Università della Svizzera italiana: tra dimissioni, fondi pubblici e un progetto che si sta smarrendo

L’addio anticipato di Luisa Lambertini all’Università della Svizzera italiana (USI) è avvenuto quasi in sordina, così come lo era stato il suo arrivo. La studiosa bolognese lascia l’ateneo senza aver portato a termine il proprio mandato né come rettrice né come docente, un epilogo che solleva interrogativi sulla capacità dell’istituzione di consolidare una leadership stabile e coerente con i suoi progetti fondativi.

L’impressione diffusa è che il rapporto tra Lambertini e l’USI non sia mai decollato. Le sue prime dichiarazioni nel 2023 — «Sarà interessante e stimolante» — non sono mai state seguite da una presenza pubblica significativa, alimentando la percezione di un distacco crescente e di una progressiva difficoltà a integrarsi in un contesto che, nel frattempo, mostrava tensioni interne e indecisioni strategiche.

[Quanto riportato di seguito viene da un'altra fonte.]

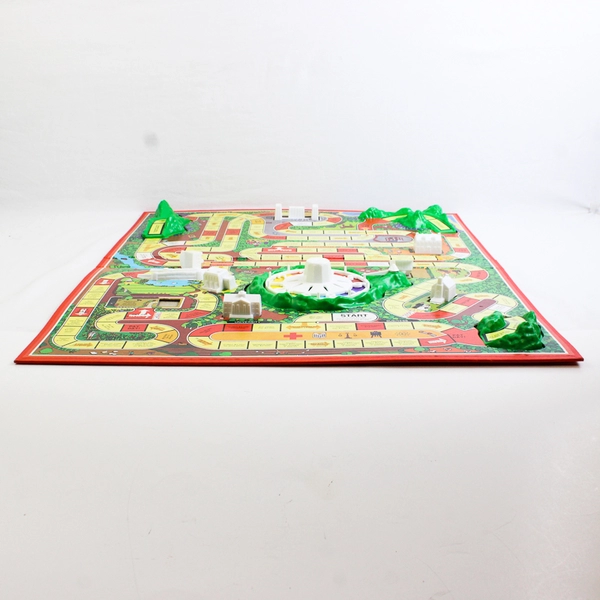 1985 Milton Bradley The Game Of Life Board Game Complete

La guida dell’ateneo passa ora ad interim al professor Gabriele Balbi, figura di spicco della Facoltà di scienze della comunicazione. La nomina, però, riaccende un dibattito mai sopito: l’USI, nata con l’obiettivo di rafforzare le opportunità di formazione per i giovani ticinesi e di rendere il Cantone un polo attrattivo a livello internazionale, sta davvero rispondendo alla missione che le era stata affidata?

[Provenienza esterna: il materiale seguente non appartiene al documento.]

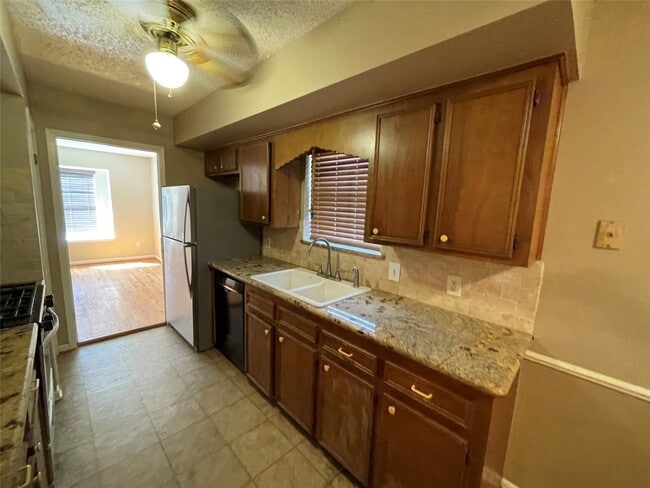 Building Photo - 181 Greenleaf Ln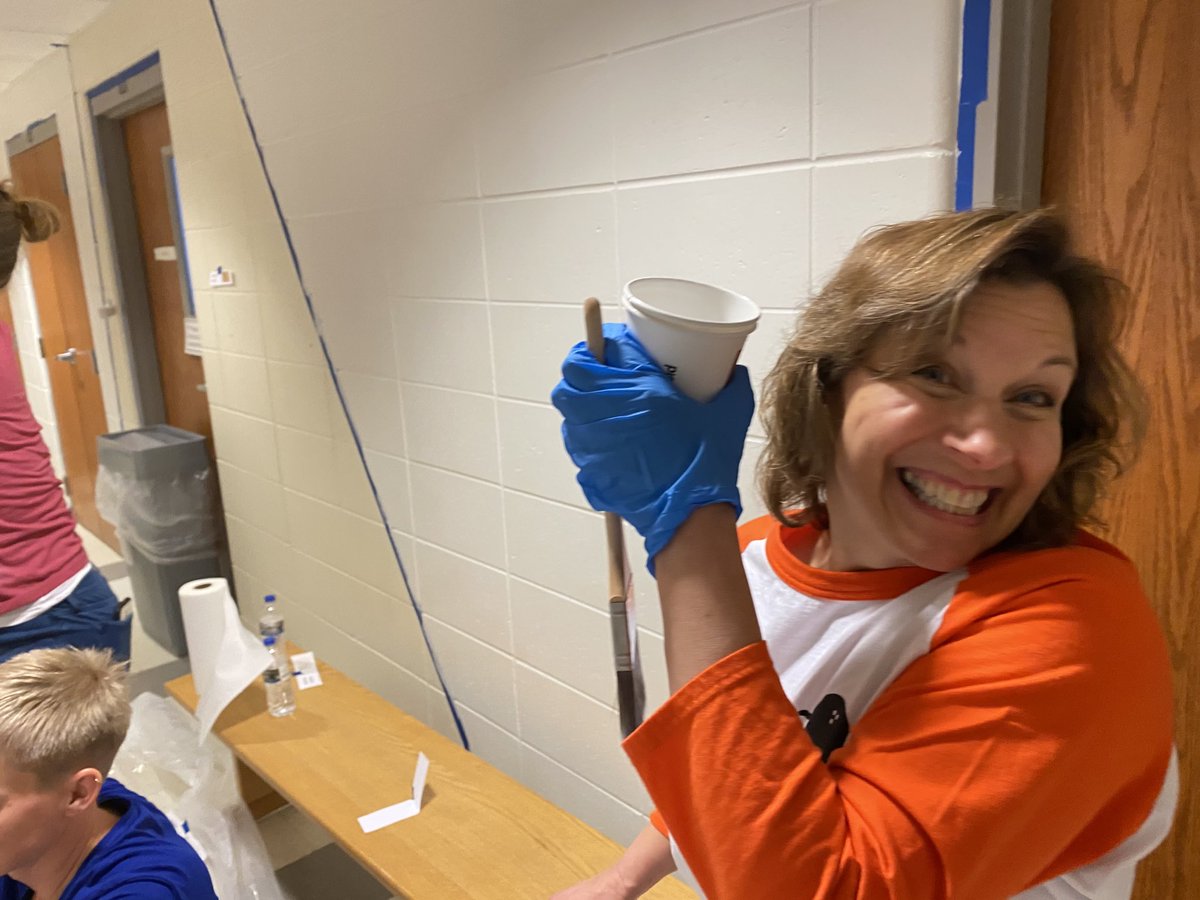kathystrasser's tweet photo. A great day volunteering with these amazing @IncredibleBank employees to help the Wausau Conservatory of Music freshen up their space! #volunteer #VolunteerChallenge sayz@VC#community #teamwork #teambuilding #supportingagoodcause #givingback #partnership https://t.co/tc5BlwRMf1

A trent’anni dalla sua fondazione, molti osservatori sottolineano come l’ateneo sembri aver progressivamente perso il legame con il territorio, mentre la sua identità accademica rimane concentrata su percorsi e carriere che non sempre ricadono sul tessuto socio-economico cantonale. L’impressione — condivisa anche in sede politica — è che l’USI rischi di trasformarsi in un’istituzione che beneficia largamente di risorse pubbliche senza restituire al Cantone un ritorno proporzionato in termini di innovazione, competenze e sviluppo.

Un dato è certo: solo un anno fa il Gran Consiglio ha approvato un credito quadriennale di 736 milioni di franchi destinato a USI e SUPSI. Un investimento imponente, che comporta una responsabilità altrettanto grande. Ci si domanda se l’università stia offrendo risultati adeguati rispetto alle aspettative e se la sua evoluzione attuale non rischi di diventare, nel lungo periodo, un peso per le generazioni future più che un’opportunità.

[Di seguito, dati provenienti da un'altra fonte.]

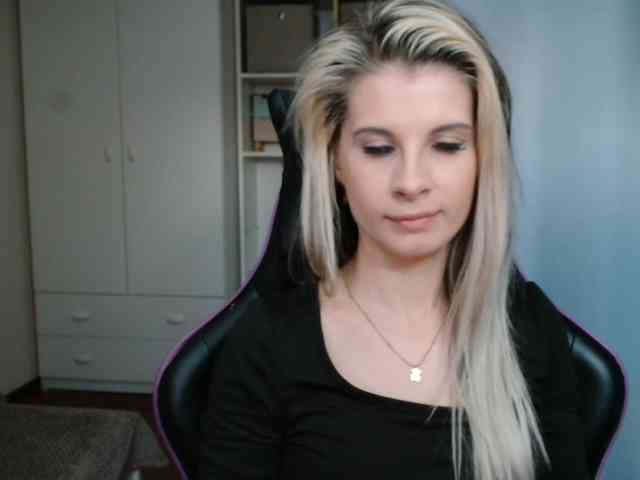 KristineNatural webcam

In questo scenario complesso, la fase di transizione aperta dalle dimissioni della rettrice rappresenta l’ennesimo campanello d’allarme: l’USI ha oggi l’urgenza di ritrovare una direzione chiara, una leadership stabile e un rapporto trasparente con la comunità che la sostiene. Solo così potrà dimostrare di essere ancora un progetto strategico per il Ticino — e non un’istituzione che fatica a mantenere le proprie promesse iniziali.